TASK STATEMENT: Every line below must come back exactly as it stands, with the images omitted.
[Opening DATA PROVIDED section]
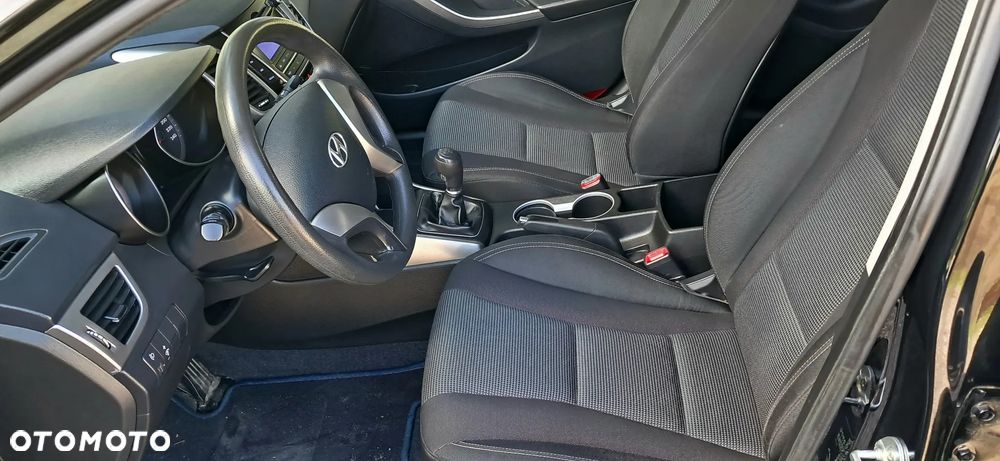 Hyundai i30 blue 1.6 GDI Style - 14
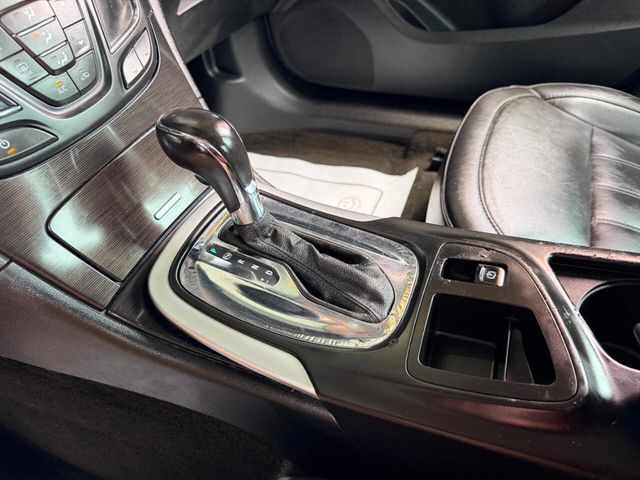 2015 Buick Regal 4dr Sedan Premium I FWD - 23040940 - 40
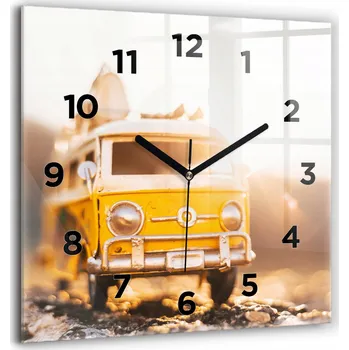 Hodiny Minimalistické skleněné nástěnné hodiny s motivem auta na dovolené 60x60 cm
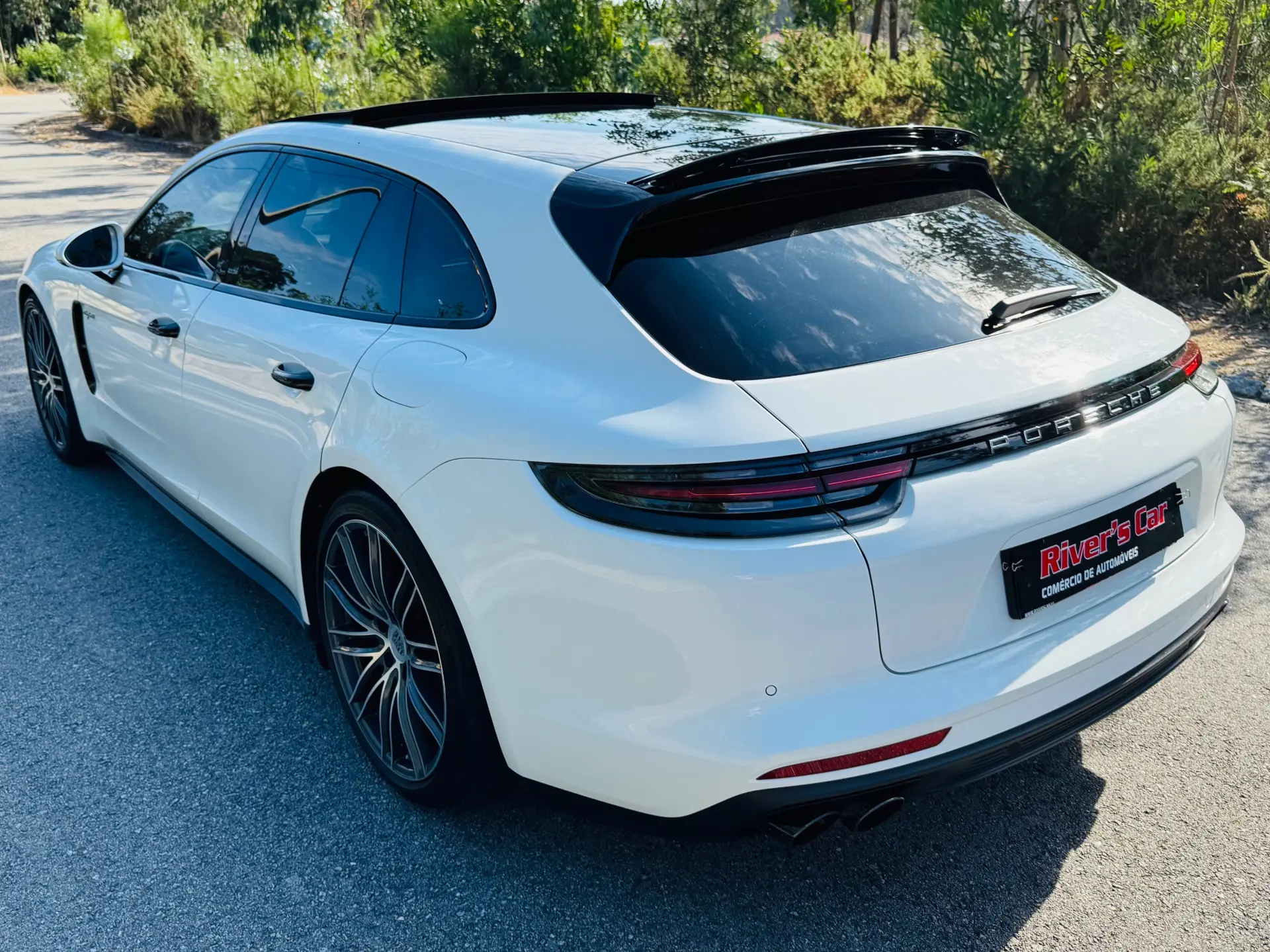 Porsche Panamera Sport Turismo 4 E-Hybrid 16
[Closing DATA PROVIDED section]
ANSWER BELOW:
 Hyundai i30 blue 1.6 GDI Style - 14
 2015 Buick Regal 4dr Sedan Premium I FWD - 23040940 - 40
 Hodiny Minimalistické skleněné nástěnné hodiny s motivem auta na dovolené 60x60 cm
 Porsche Panamera Sport Turismo 4 E-Hybrid 16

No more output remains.